*** Begin section ***

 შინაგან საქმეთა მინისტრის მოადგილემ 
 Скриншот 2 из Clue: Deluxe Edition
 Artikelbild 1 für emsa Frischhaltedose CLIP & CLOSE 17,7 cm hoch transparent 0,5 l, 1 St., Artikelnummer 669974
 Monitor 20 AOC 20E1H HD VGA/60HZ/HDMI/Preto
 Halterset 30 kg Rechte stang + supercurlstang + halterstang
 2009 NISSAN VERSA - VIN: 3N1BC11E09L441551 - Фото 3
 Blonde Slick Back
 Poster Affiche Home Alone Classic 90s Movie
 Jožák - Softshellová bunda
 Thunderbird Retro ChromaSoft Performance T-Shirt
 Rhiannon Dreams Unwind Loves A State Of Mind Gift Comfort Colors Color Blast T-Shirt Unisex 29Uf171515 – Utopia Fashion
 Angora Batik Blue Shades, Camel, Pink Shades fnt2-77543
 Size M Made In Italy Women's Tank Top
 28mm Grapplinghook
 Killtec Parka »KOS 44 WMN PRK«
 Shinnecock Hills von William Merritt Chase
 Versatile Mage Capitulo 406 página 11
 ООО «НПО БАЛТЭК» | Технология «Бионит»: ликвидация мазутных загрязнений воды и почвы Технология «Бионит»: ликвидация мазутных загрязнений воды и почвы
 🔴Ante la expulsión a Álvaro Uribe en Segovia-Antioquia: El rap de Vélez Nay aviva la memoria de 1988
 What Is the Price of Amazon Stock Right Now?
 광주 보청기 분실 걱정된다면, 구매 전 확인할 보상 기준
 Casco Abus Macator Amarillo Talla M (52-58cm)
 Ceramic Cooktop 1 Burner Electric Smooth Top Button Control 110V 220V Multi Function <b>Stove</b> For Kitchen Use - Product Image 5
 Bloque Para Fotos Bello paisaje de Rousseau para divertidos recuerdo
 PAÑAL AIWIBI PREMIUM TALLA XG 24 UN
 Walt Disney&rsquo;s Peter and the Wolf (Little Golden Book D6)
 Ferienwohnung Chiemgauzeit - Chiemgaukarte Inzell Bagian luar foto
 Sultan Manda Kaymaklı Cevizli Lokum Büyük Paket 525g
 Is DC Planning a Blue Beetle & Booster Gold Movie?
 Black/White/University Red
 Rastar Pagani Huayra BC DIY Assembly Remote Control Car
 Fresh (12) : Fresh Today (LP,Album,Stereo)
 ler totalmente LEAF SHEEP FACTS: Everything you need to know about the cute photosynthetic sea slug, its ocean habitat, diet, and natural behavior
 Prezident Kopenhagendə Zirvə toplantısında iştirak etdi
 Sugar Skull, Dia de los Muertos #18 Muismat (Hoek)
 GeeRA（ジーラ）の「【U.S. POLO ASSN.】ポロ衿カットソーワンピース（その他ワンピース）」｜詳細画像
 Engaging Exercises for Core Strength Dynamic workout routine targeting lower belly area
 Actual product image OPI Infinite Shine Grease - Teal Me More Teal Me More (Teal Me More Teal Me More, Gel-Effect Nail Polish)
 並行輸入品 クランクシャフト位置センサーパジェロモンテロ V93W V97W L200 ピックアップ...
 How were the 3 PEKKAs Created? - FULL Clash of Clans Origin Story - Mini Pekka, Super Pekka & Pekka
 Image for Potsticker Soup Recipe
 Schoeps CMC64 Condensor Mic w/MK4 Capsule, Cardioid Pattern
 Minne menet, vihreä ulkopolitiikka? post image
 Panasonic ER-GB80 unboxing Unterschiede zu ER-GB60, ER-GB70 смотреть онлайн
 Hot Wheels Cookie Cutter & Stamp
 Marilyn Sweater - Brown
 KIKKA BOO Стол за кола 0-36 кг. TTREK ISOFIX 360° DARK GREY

*** End section ***

> WHAT IS EXPECTED
Working from the records above, write out verbatim only the lines from the line containing "Walt Disney&rsquo;s Peter" through the line containing "Fresh (12) : Fresh Today (LP,Album,Stereo)".

> EXERCISE RESULT
 Walt Disney&rsquo;s Peter and the Wolf (Little Golden Book D6)
 Ferienwohnung Chiemgauzeit - Chiemgaukarte Inzell Bagian luar foto
 Sultan Manda Kaymaklı Cevizli Lokum Büyük Paket 525g
 Is DC Planning a Blue Beetle & Booster Gold Movie?
 Black/White/University Red
 Rastar Pagani Huayra BC DIY Assembly Remote Control Car
 Fresh (12) : Fresh Today (LP,Album,Stereo)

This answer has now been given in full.